(WHAT YOU WILL DO): Pictures aside, return all of the records exactly as they stand.

(SUPPLIED INFORMATION):

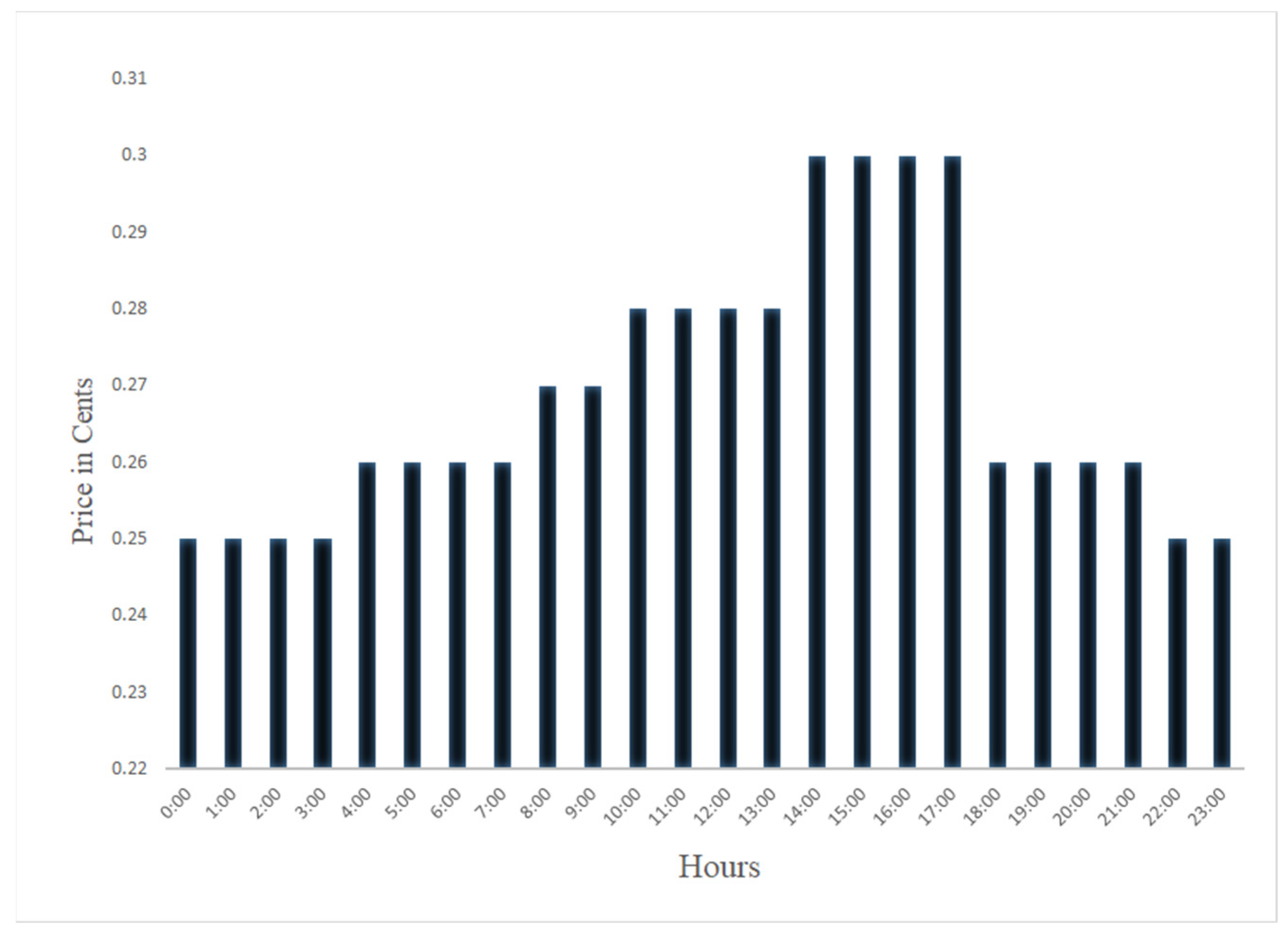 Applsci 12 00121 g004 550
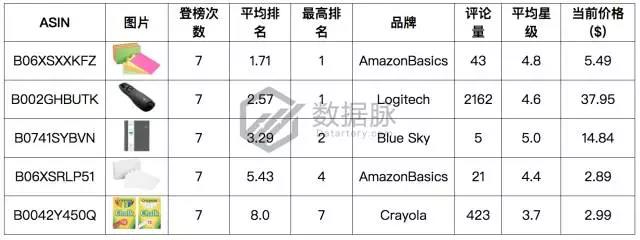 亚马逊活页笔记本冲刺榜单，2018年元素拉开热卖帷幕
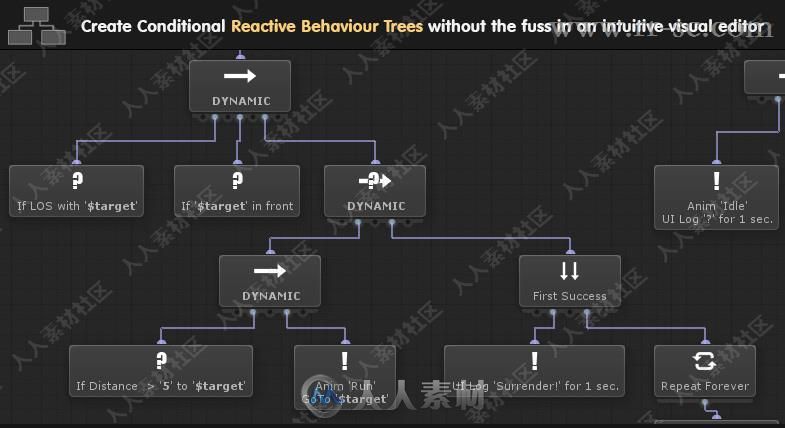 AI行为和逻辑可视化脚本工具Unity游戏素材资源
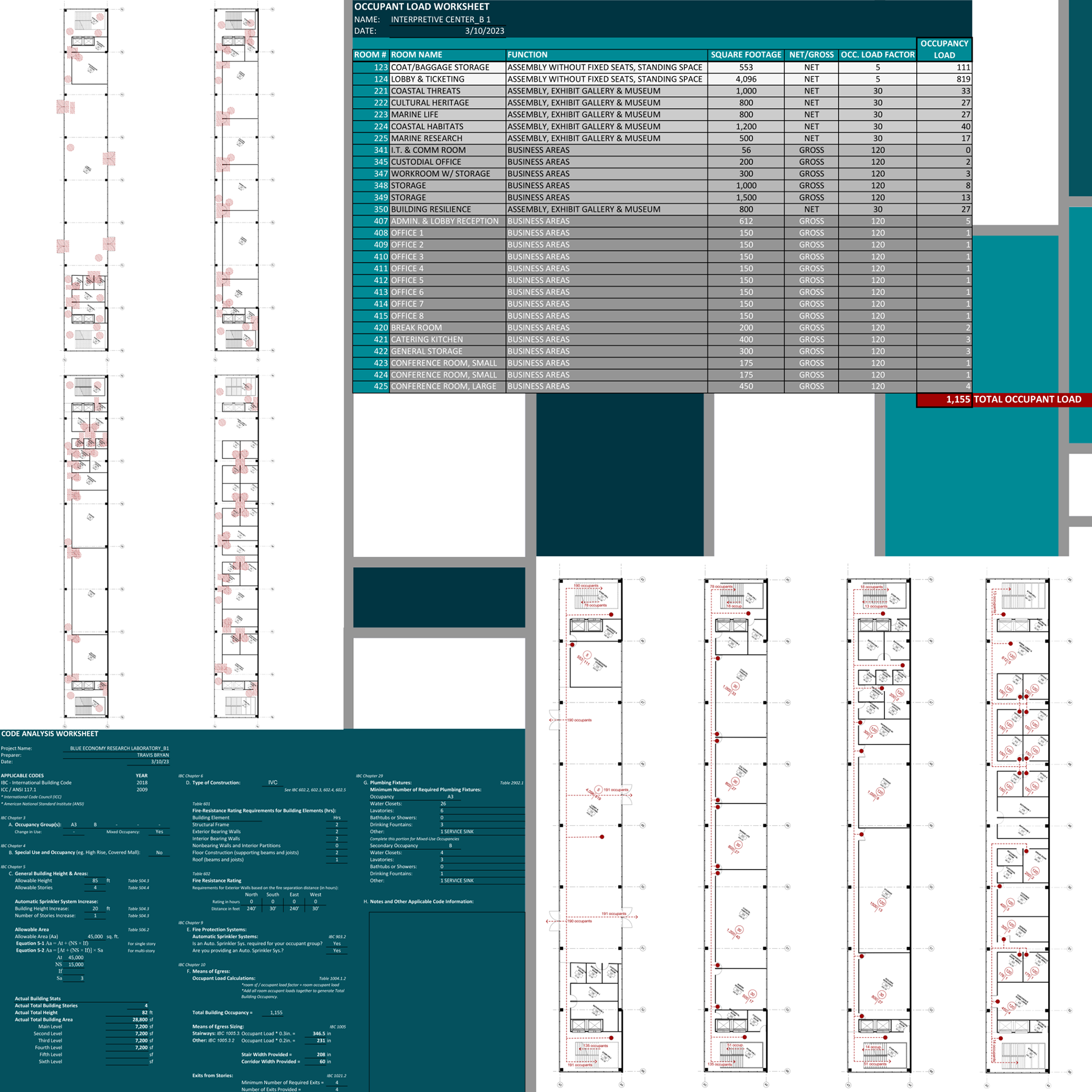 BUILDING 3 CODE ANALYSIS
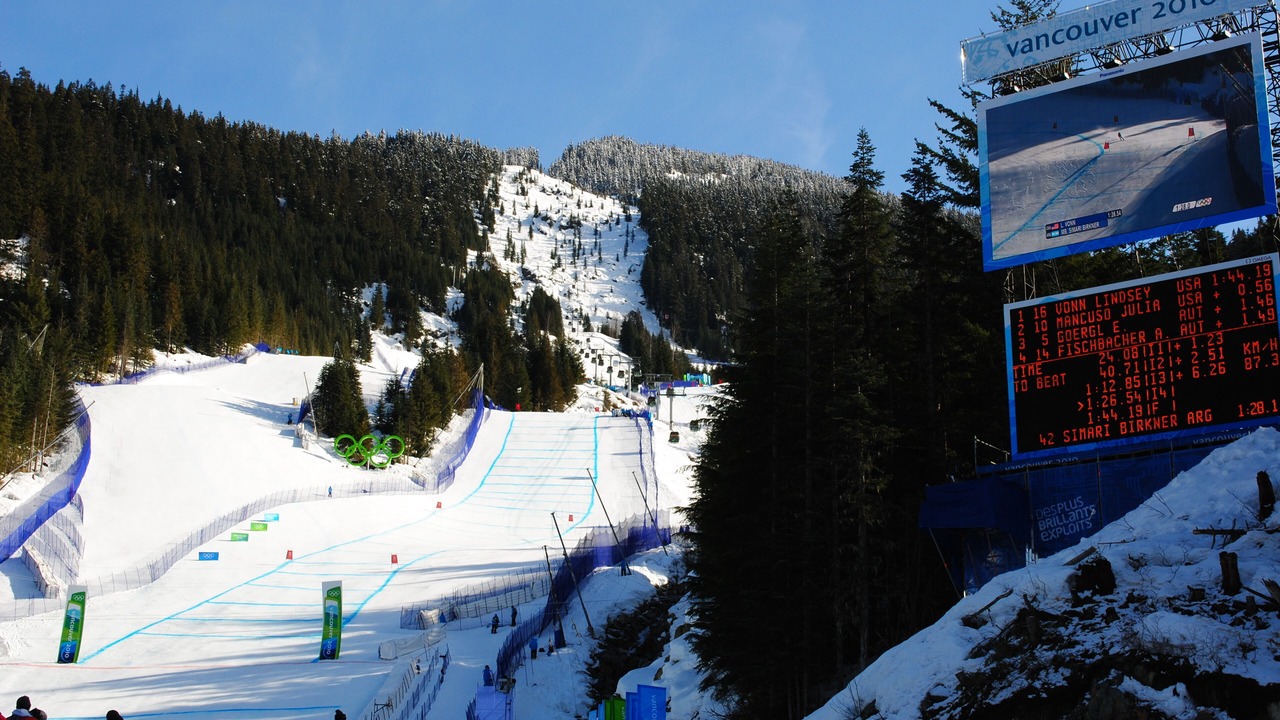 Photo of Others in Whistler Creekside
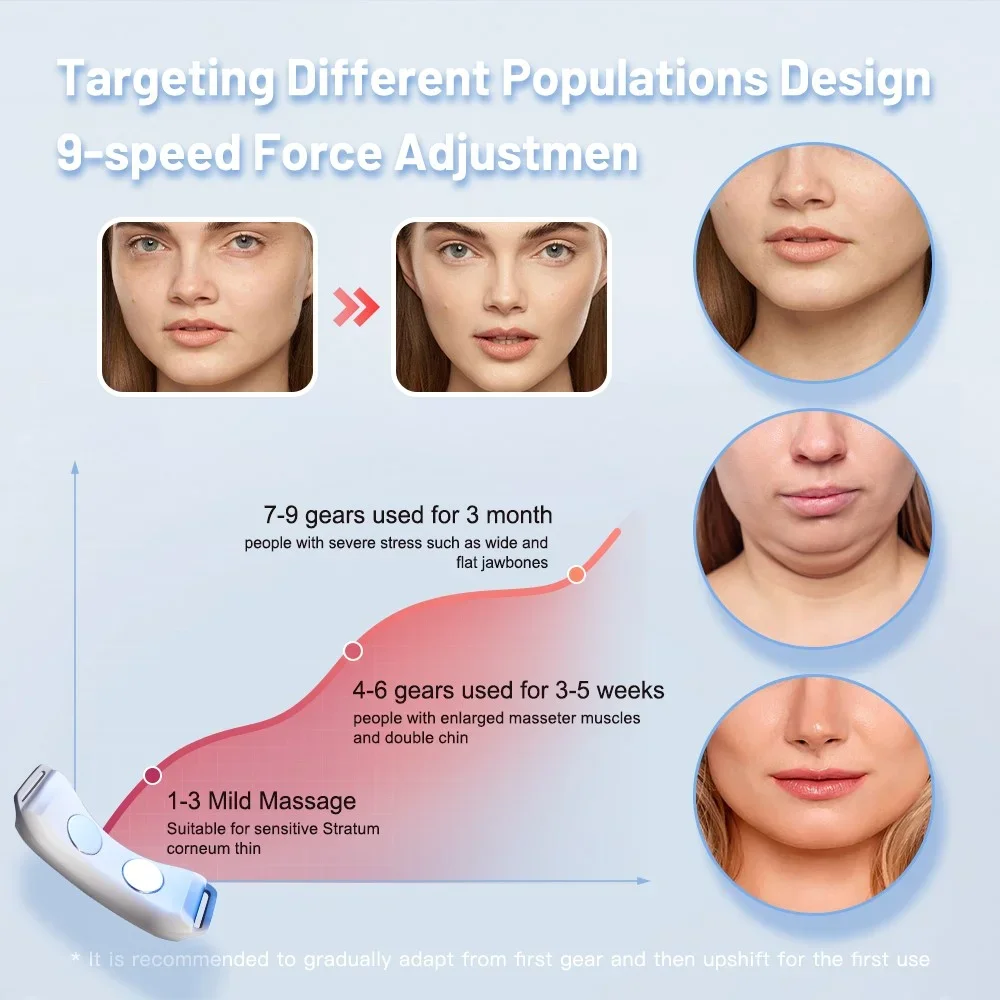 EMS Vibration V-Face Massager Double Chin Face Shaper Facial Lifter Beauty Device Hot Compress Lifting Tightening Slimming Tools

(RESPONSE BOX):
 Applsci 12 00121 g004 550
 亚马逊活页笔记本冲刺榜单，2018年元素拉开热卖帷幕
 AI行为和逻辑可视化脚本工具Unity游戏素材资源
 BUILDING 3 CODE ANALYSIS
 Photo of Others in Whistler Creekside
 EMS Vibration V-Face Massager Double Chin Face Shaper Facial Lifter Beauty Device Hot Compress Lifting Tightening Slimming Tools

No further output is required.